O Brasil jamais foi descoberto. Foi invadido.

Em 1500, Cabral não descobriu nada. Já existia gente aqui. Povos diversos, línguas múltiplas, culturas complexas. Povos nativos, não “índios” — termo equivocado, imposto pelo erro de Colombo e perpetuado pela conveniência colonial.

E mais: muito antes de Cabral, os espanhóis já haviam passado por aqui. Navegadores como Vicente Yáñez Pinzón exploraram o litoral nordestino em 1493. O próprio Tratado de Tordesilhas, de 1494, demarca terras que ainda nem haviam sido “descobertas” oficialmente. Cabral veio cumprir um acordo geopolítico — não encontrar um novo mundo, mas tomar posse de um que já era conhecido.

A história brasileira começa, portanto, com uma mentira e um ato de violência. Não há “descobrimento”. Há invasão, saque e silenciamento de vozes milenares.

A falsa tríade: portugueses, africanos e “índios”

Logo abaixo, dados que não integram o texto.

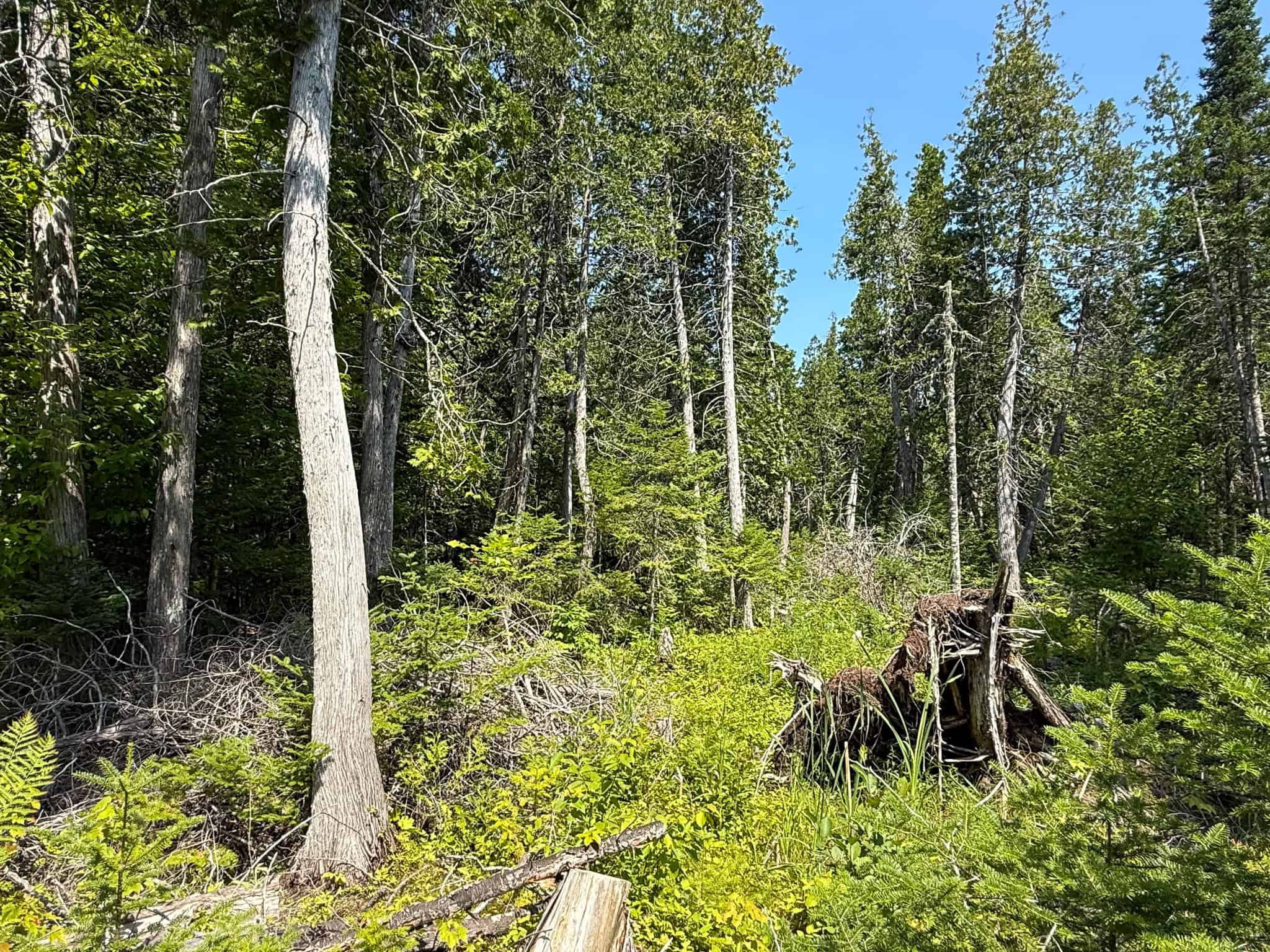 51.2 Acres & Private Cabin in the Maine Woods
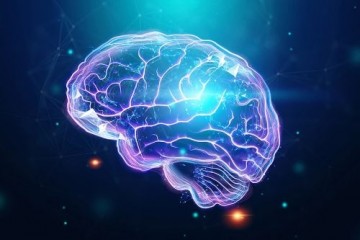 Ученые раскрыли, что мозг по-разному обрабатывает звуки при бодрствовании и под анестезией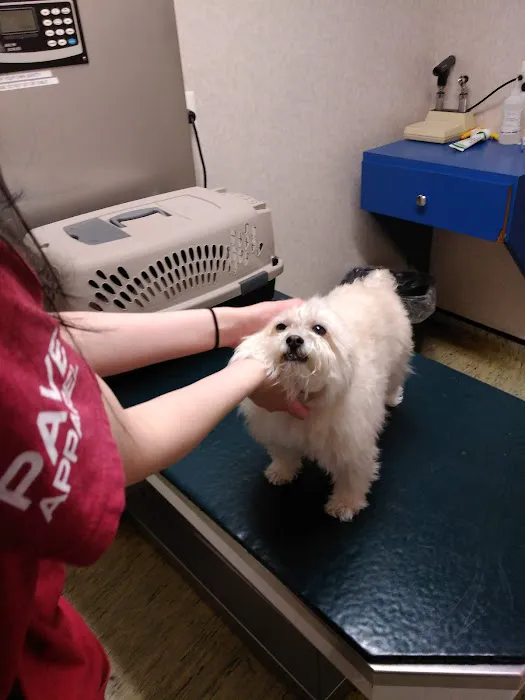 Evesham Veterinary Clinic: Bell Jaclyn DVM Picture 6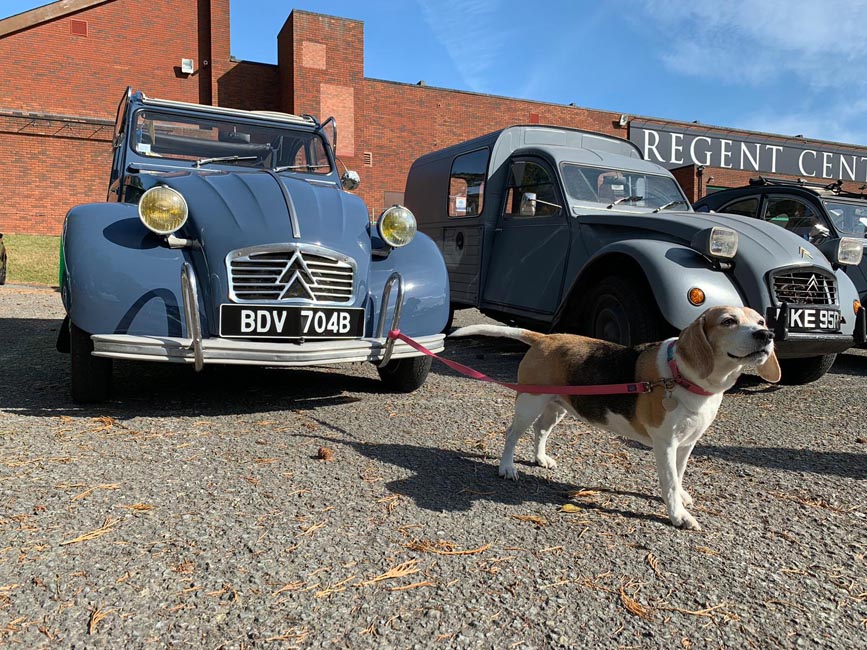 Citroen 2CV AZAM featuring Beagle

O discurso dos “três povos formadores” virou um mantra da oficialidade: portugueses colonizadores, africanos escravizados e “índios” como pano de fundo tropical. Uma simplificação perversa que serve para maquiar a complexidade da formação nacional — e principalmente para excluir deliberadamente os outros povos que estiveram aqui e ajudaram a construir este país.

Não se fala das ocupações francesas no Maranhão e no Rio de Janeiro no século XVI. Nem dos holandeses, que tomaram boa parte do Nordeste e governaram o Recife por mais de 20 anos, promovendo experiências de liberdade religiosa e ciência. Não se ensina nas escolas que os espanhóis dominaram partes do Norte, do Sul e da Amazônia, deixando marcas profundas em várias regiões.

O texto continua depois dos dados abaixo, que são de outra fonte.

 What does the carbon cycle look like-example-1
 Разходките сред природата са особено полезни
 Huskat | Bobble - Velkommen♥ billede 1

Tampouco se reconhece o papel de sírio-libaneses, judeus sefarditas, italianos, alemães, gregos, japoneses, bolivianos, ciganos, haitianos e tantos outros que chegaram ao Brasil antes mesmo das grandes ondas de imigração do século XIX.

A língua desmente a mentira

Se a história não conta, a língua denuncia.

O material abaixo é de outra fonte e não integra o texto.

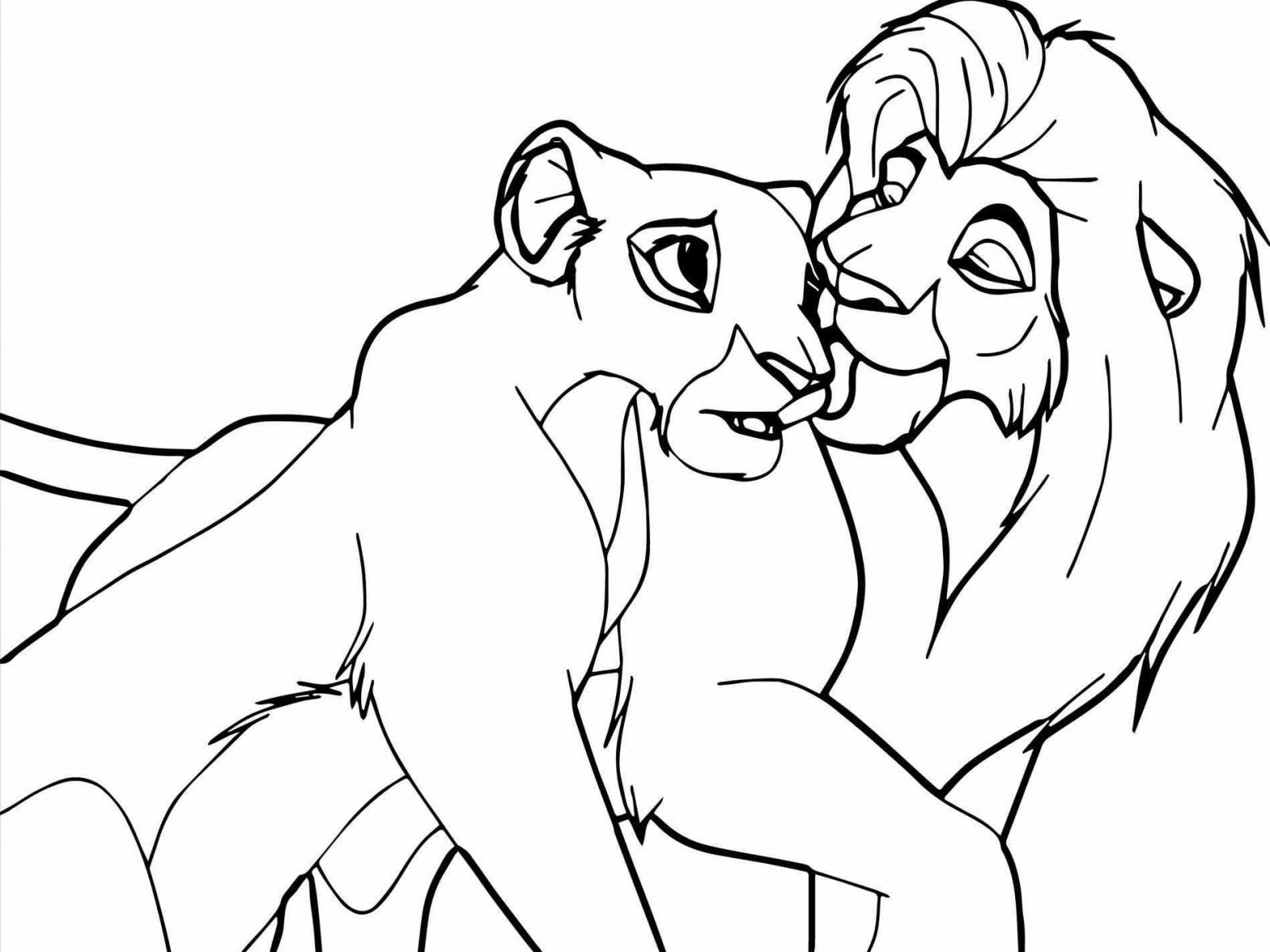 1600x1200 Coloring Pages Animals Asian Lions And Other To Print Lion Page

Nosso vocabulário é um campo de provas da multiplicidade cultural que foi silenciada.

Do árabe, herdamos palavras como:

  • Alface (al-khass)

  • Açúcar (as-sukkar)

  • Algodão, almofada, alicate, açougue, azulejo, xarope, nadir, jirau, narguilé

    — marcas da presença árabe-muçulmana e dos cristãos-novos que fugiram da Inquisição.

Da França, herdamos:

  • Abajur, garçom, maquiagem, ballet, menu, chef, vernissage, moda, boné, paletó, charme, elegância — influência forte da elite francesa no século XIX, que moldou o gosto, a gastronomia e o estilo brasileiro.

Da Espanha, vêm palavras como:

  • Rancho, mula, guitarra, churrasco, fiesta, compadre, gringo, muchacha, patrão, mate, estância — incorporadas especialmente no Sul e Centro-Oeste.

E dos holandeses? Ainda que a ocupação tenha sido breve, restaram termos náuticos e técnicos como:

  • Iate (do holandês jacht),

  • Estiva, bloco, baque, bater, camburão — todos com traços da presença flamenga no Nordeste.

Nossa fala cotidiana é um documento vivo das influências que a história oficial insiste em esconder.

Uma história escrita pelo poder para servir ao poder

Quem conta a história sempre teve o controle da pena — e do que ela cala.

A construção do mito nacional serviu (e ainda serve) para legitimar uma elite, justificar desigualdades e manter uma aparência de “unidade nacional” forjada com silenciamentos.

O Brasil não é o resultado de uma mestiçagem pacífica.

É o campo de uma guerra colonial permanente.

A história contada apaga os quilombos, apaga as aldeias dizimadas, apaga as revoltas populares, os saberes suprimidos, os idiomas assassinados, os corpos invisibilizados.

Reescrever é resistir

O que propomos aqui não é apenas uma revisão historiográfica.

É um ato de justiça.

Precisamos de uma história que diga o nome dos povos que nos formaram — inclusive os que chegaram em menor número, mas deixaram grandes marcas.

Precisamos parar de mentir para nossas crianças, para nossos estudantes, para nossos cidadãos.

O Brasil não nasceu em 1500. O Brasil não foi descoberto. O Brasil foi invadido, silenciado, e depois reinventado por quem resistiu.

É hora de dizer os nomes silenciados. De aprender outras versões. De recontar o Brasil.

De assumir que nossa formação é múltipla, dolorosa, plural, complexa e belíssima — justamente por isso.


Brasil, vamos parar de mentir oficialmente.

Chega de história escrita por quem quis apagar os outros.

Agora é hora de escutar todas as vozes.